Pertemuan ke – 1 / 2106785582
 Hk waris perdata diatur dalam buku II BW karena lebih menyangkut soal
boedel/harta peninggalan dari seorang pewaris.
 Dalam pembuatan wasiat, BW memberikan pembatasan yaitu:
a. Tidak boleh pengangkatan waris atau hibah wasiat lompat tangan (fidei-
commis);
b. Tidak boleh memberikan wasiat kepada suami/istri yang menikah tanpa
izin;
c. Tidak boleh memberikan wasiat kepada istri kedua melebihi bagian yang
terbesar yang boleh diterima istri kedua sebagaimana diatur dalam Pasal
852a KUHPerdata;
d.
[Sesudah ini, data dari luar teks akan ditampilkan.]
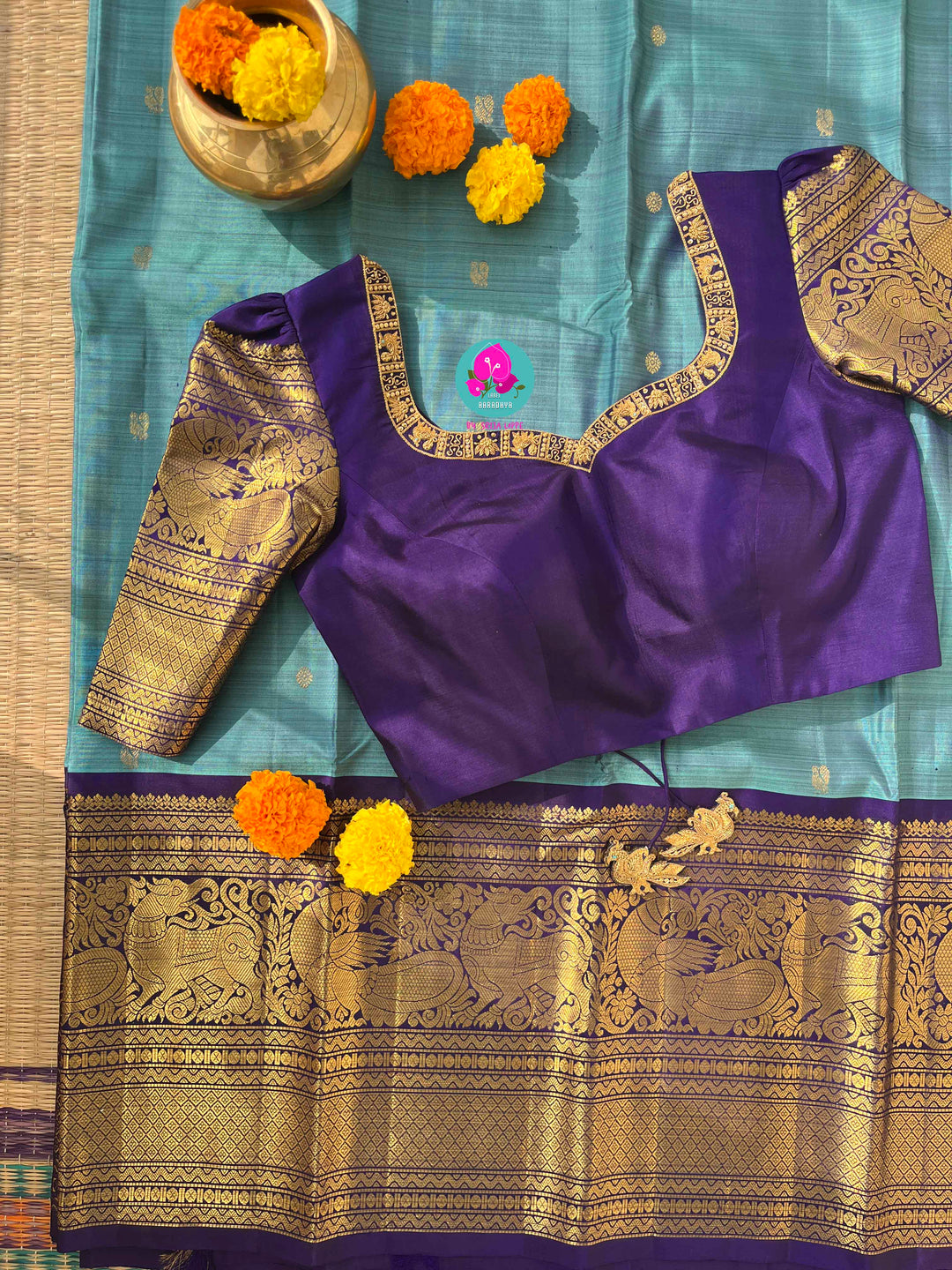 A Tale of Two Blues: Vintage Teal Kanchipattu Saree with Majestic Midnight Navy Border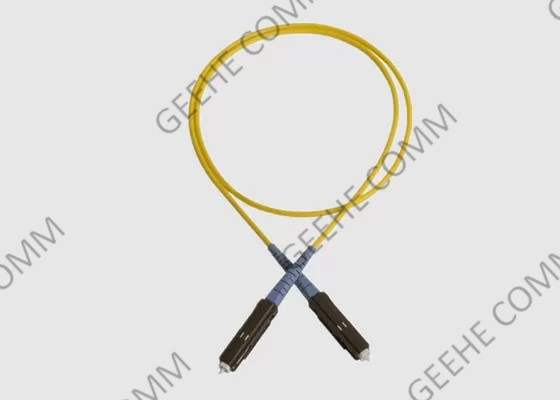Κίτρινο 2.0mm MU σκοινί μπαλωμάτων συνδετήρων πολλαπλού τρόπου διπλό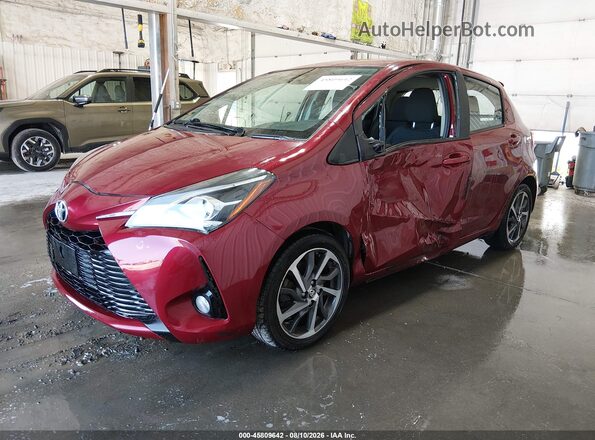 VNKKTUD31JA094923 2018 TOYOTA YARIS Red წინა მარცხენა ხედი სამი მეოთხედიდან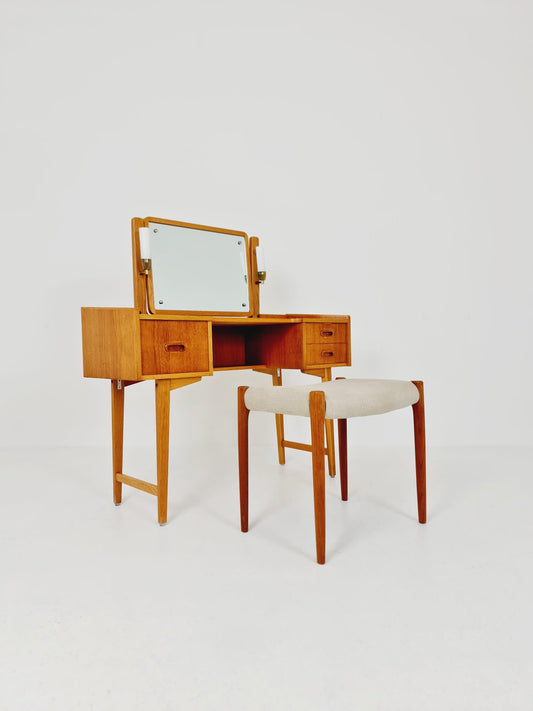 Mid Century Modern Danish Teak vanity table make up table With Lighting by Fröseke for AB nybrofabriken, 1960s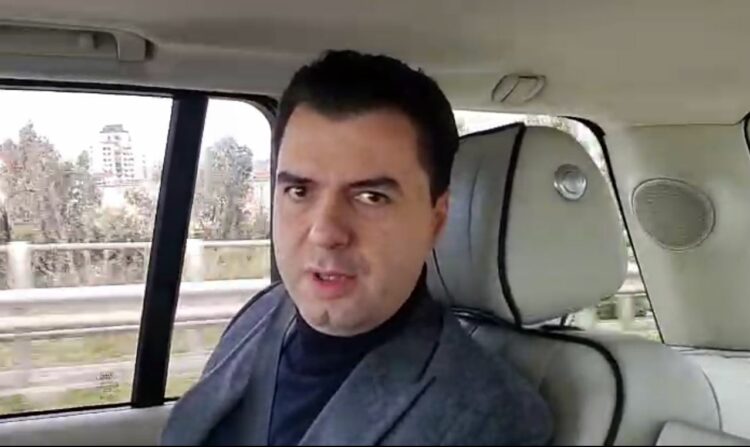 “Krerët e bandave darkojnë në restorantin privat të Kryeministrisë”- Deklarata e fortë e Bashës: Siç e di unë, e dinë dhe shërbimet partnere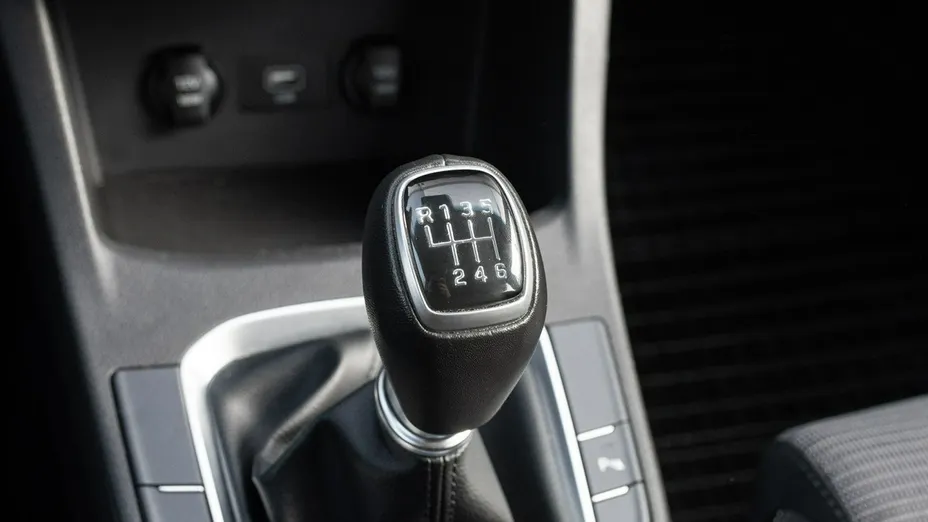 HYUNDAI i30 -
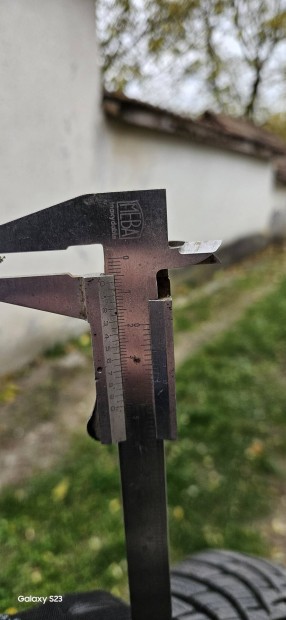 Elad egy garnitra Hankook tligumi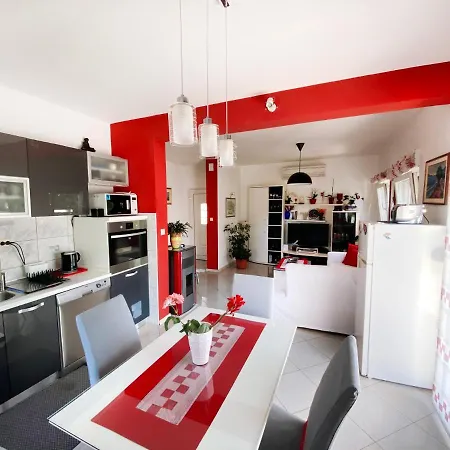 Private House Nena Holiday home *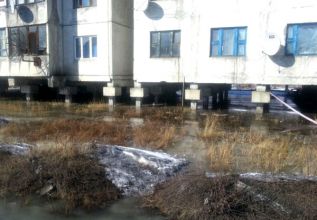 Усть-Нера тонет в фекалиях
Tidak boleh membuat suatu ketetapan hibah wasiat yang jumlahnya
melebihi hak pewaris (testateur) dalam harta persatuan;
e. Tidak boleh menghibahwasiatkan untuk keuntungan walinya; para guru
dan imam; dokter, ahli penyembuhan, ahli obat-obatan dan orang-orang
lain yang menjalankan ilmu penyembuhan, yang merawat pewaris selama ia
menderita penyakit yang akhirnya menyebabkan ia meninggal; para notaris
dan saksi-saksi dalam pembuatan wasiat;
f. Tidak boleh memberikan wasiat kepada anak luar kawin melebihi bagiannya
dalam Pasal 863 KUHPerdata;
g. Tidak boleh memberikan wasiat kepada teman berzina pewaris;
h. Larangan pemberian kepada orang yang dijatuhi hukuman karena telah
membunuh pewaris, orang yang telah menggelapkan, memusnahkan atau
memalsukan surat wasiat pewaris, atau orang yang dengan paksaan atau
kekerasan telah menghalangi pewaris untuk mencabut atau mengubah
surat wasiatnya, serta isteri atau suaminya dan anak-anaknya.
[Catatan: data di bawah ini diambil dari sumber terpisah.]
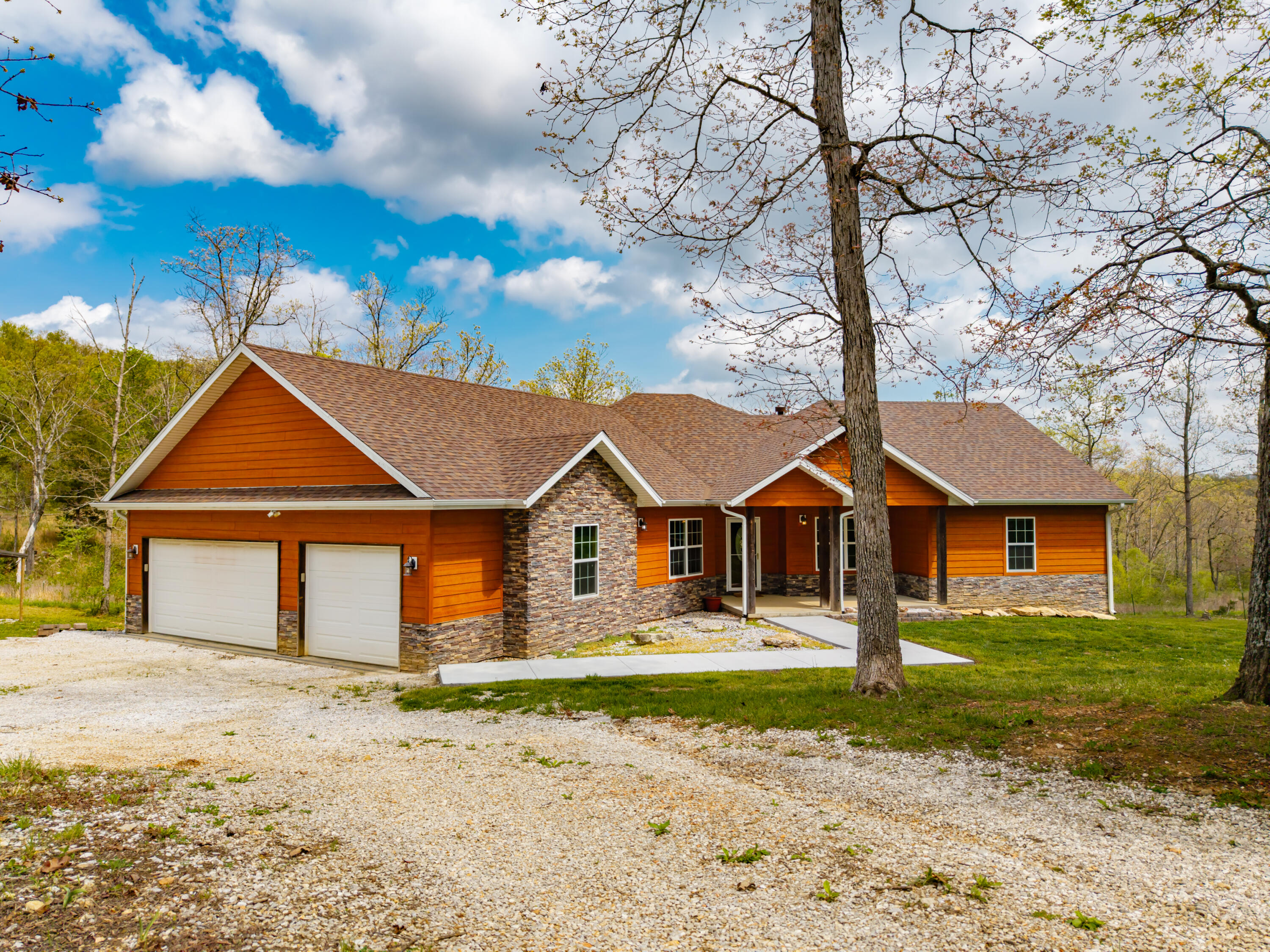 633 East Mountain Drive Property Photo 4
 LEGAAT : pemberian wasiat atas sebagian daripada harta peninggalan berupa
suatu barang tertentu (Pasal 957 KUHPerdata).
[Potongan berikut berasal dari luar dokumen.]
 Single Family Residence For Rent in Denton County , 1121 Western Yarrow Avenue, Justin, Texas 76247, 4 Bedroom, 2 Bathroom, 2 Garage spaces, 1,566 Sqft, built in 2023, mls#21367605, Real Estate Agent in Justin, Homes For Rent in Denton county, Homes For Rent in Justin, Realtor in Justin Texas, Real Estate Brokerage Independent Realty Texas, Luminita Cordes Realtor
 ERFSTELLING : penunjukkan meliputi suatu bagian tertentu yang sebanding
dengan warisan (misalnya ½ dari harta peninggalan pewaris) tanpa
menyebutkan benda yang diwariskan.
 Status hukum ahli waris yang afwezeighed? Apabila suatu hari muncul
kembali apa bisa diangkat jadi ahli waris?
 Golongan ahli waris :
a. Golongan pertama, terdiri anak/sekalian keturunan mereka meskipun
dilahirkan dari lain-lain perkawinan sekalipun, dan suami/istri yang hidup
terlama, dipersamakan dengan seorang anak yang sah (Pasal 852 BW);
b. Golongan kedua, terdiri dari orang tua, saudara dan keturunan saudara
(Pasal 855 jo. Pasal 859 BW);
c. Golongan ketiga, terdiri dari keluarga sedarah dalam garis lurus ke atas
atau dalam garis menyimpang harus dibelah menjadi dua bagian yang sama
(Pasal 850 BW), dengan tidak mengurangi ketentuan-ketentuan dalam Pasal
854, Pasal 855 dan Pasal 859 BW;
d. Golongan keempat, terdiri dari sanak keluarga lainnya dalam garis
menyimpang sampai dengan derajat keenam (Pasal 858 jo. Pasal 860-861
BW).

Pertemuan ke – 2
 Analisa tugas : terkait tepat tidaknya putusan hakim secara normatif.
Dikumpulkan saat midtest (minggu ke 8).
 Regulasi perkawinan : UU 1/74 jo UU 23/2006
 Perkawinan menurut Pasal 1 UU 1/74 mengandung ASPEK RELIGIOUS.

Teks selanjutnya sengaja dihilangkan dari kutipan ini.